C. Download data to Duke Compute Cluster (DCC)


1. Check that you have permission to download bproject


Click on this link to log into Duke Data Services.

Click log in and you will be prompted for your NetID and Password.

The first time you log in, it will ask you to authorize Duke Data Service. Click Authorize.





You will be directed to your dashboard.

If you are the person who placed the order with the Sequencing Core and received a data delivery email from us, your project should appear on your dashboard.

If you do not see the NGS project listed on your dashboard, it means you are not the owner of that data and need to request access. The owner, i.e. the person who placed the order, can follow the instructions under heading 1.1 to grant you access.
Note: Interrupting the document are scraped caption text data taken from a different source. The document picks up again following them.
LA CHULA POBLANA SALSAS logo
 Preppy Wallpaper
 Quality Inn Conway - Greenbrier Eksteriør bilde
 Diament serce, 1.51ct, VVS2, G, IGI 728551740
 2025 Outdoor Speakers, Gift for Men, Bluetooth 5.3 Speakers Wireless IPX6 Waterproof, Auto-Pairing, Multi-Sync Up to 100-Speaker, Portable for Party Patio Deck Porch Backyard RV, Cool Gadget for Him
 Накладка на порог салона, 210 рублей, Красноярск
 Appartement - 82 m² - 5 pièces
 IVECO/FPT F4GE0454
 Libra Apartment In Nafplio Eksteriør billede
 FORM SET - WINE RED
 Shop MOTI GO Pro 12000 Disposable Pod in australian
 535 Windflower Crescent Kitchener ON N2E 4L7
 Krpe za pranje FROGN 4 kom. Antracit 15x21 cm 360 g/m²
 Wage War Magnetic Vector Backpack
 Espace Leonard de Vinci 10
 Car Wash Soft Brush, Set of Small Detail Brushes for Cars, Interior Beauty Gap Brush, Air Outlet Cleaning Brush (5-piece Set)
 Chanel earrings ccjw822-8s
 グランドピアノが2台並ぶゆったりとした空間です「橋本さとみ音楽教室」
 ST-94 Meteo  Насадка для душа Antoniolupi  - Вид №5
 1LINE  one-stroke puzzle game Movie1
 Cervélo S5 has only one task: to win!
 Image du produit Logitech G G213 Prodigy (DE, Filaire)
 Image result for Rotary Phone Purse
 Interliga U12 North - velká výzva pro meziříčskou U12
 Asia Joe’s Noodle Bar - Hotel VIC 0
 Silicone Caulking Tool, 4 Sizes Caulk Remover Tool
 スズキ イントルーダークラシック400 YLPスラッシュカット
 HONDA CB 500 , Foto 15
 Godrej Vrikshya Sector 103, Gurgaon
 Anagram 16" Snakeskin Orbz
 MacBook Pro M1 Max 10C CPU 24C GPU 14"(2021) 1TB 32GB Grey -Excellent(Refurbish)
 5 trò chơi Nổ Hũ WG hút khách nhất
1.1. Grant a collaborator access to your NGS data

If you are the owner of the data and need to grant other investigators download permissions, Click on this link to log into Duke Data Services. Find the project to share on your dashboard.

Click on the on the icon in the upper-right corner of your project. This will open a drop-down menu.

Select 'Add Project Members'.

This opens another pop-up window.

You can 'Add A New Member' by registering the name of the person you want to share the data with.

DDS is linked to Duke's directory. Begin typing the name of a collaborator and select it from the drop down menu. Data on DDS can only be shared with people who have NetIDs (i.e they are in the Duke directory).

You must assign the new team member a project role. Make sure to select either the 'Project Administrator' or 'File Downloader' roles to give download privileges.

Please note that the 'Project Administrator' role will grant that person permission to delete files. 'File Downloader' will be able to download files, but not modify or delete them on DDS.



2. Log into Duke Compute Cluster (DCC)

Open a terminal window by going to Applications>Utilities and click on Terminal. You can also press command-spacebar to open spotlight search, type terminal, and then press Enter.

SSH into DCC by typing the following command and authenticate using your NetID credentials. Note that to connect to the cluster, you must first be on the Duke network either via a direct physical or wireless network connection to that network, or by using the Duke VPN.

ssh NetID@dcc-slogin.oit.duke.edu

3. Config file setup

DDSclient tools, which you will need to download your data are written in Python and have been installed on the Duke Compute Cluster.

However, before you can use those tools, you will need to create in your home direcoty on HARDAC a config file containing an agent_key and a user_key.

To set it up:

1. Go to the Duke [Data Service Portal](https://dataservice.duke.edu/#/login)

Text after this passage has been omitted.